At the same time, I reviewed the library portion of the draft C++ Standard in detail and produced an HTML online reference manual in the bargain. These too proved to be companion operations. Describing something in exquisite detail forces you to read the spec with equal attention to detail. You see all the warts. And trying to understand a complex standard is greatly aided by having to re-express it as you go.

Doing these four jobs all at once has given me an edge on the competition, at least temporarily. I've got complete products out for evaluation while others are still scrabbling to finish the job. Such an edge in time eventually disappears, of course. Once that happens, you can sell on quality, or terms, or reputation, but not on being the only game in town. Tired as I am, I'm busy making hay while the sun shines.

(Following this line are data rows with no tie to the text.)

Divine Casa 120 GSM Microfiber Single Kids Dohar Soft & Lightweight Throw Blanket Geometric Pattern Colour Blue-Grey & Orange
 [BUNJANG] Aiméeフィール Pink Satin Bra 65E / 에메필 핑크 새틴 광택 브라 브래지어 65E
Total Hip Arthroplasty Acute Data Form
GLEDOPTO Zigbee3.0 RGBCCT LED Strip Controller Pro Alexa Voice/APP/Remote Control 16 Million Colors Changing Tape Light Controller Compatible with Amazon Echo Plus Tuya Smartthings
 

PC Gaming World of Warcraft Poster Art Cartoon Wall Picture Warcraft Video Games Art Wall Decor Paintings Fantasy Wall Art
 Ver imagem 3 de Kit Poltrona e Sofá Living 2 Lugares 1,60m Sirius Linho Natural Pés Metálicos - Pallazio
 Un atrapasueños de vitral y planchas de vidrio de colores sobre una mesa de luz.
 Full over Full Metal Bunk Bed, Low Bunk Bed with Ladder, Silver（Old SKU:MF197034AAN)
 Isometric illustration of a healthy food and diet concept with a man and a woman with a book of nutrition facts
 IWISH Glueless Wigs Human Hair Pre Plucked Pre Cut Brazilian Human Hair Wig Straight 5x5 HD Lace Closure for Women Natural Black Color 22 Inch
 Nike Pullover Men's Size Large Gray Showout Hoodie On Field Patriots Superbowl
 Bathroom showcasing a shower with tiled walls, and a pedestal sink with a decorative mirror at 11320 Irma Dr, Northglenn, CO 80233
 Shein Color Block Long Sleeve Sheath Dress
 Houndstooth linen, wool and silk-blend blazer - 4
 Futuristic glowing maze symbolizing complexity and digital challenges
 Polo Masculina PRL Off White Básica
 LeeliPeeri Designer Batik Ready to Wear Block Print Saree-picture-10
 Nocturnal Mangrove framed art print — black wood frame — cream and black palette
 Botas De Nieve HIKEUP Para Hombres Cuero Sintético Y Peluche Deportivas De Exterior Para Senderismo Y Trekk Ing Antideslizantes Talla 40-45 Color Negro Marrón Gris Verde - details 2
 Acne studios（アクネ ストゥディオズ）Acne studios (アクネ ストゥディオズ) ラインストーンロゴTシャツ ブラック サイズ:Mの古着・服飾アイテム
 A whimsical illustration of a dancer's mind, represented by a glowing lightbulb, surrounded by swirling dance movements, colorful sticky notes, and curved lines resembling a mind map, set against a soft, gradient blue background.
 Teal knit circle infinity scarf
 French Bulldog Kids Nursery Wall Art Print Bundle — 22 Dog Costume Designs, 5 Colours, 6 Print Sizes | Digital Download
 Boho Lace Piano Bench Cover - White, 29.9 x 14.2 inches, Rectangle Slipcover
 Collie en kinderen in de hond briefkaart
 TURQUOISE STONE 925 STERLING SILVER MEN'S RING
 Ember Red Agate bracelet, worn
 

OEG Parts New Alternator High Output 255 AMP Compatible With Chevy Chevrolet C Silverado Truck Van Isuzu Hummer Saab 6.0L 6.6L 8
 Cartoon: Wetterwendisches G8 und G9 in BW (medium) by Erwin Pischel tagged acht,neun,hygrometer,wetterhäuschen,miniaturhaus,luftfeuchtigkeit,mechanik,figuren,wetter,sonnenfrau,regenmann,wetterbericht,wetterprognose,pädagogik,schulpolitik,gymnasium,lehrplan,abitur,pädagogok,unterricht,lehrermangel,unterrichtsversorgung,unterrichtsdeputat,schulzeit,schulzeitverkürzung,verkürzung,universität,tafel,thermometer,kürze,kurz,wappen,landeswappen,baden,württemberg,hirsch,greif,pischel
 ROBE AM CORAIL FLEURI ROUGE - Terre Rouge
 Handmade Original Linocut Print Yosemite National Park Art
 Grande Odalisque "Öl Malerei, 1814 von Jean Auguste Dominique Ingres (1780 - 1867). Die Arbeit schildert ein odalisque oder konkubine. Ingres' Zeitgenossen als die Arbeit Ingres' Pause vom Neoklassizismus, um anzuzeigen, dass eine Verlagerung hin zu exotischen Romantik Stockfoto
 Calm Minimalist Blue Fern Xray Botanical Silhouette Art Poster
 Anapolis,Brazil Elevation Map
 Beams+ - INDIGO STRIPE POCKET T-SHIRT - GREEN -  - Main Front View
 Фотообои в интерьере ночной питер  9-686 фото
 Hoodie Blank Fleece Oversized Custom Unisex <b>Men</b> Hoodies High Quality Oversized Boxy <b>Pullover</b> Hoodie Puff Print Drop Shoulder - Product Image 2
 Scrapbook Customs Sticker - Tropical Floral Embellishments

Aside from the subliminal commercial message, my point is that the C++ marketplace has reached a new level. Compiler vendors are finally beginning to believe they know what C++ is mostly going to look like when the Standard freezes for good. Luckily for me, many vendors seem bent on buying libraries rather than making their own. (Buying compiler front-ends for C++ has long been an important subindustry.) We are reaching a new level of completeness and stability in a traditionally volatile field.

It is ironic, I supose, that the C Standard is just starting to change in earnest as C++ settles down. Committees X3J11 and WG14 are moving with careful deliberation, but they are finally adding new features to Standard C. But that's a topic for a separate editorial.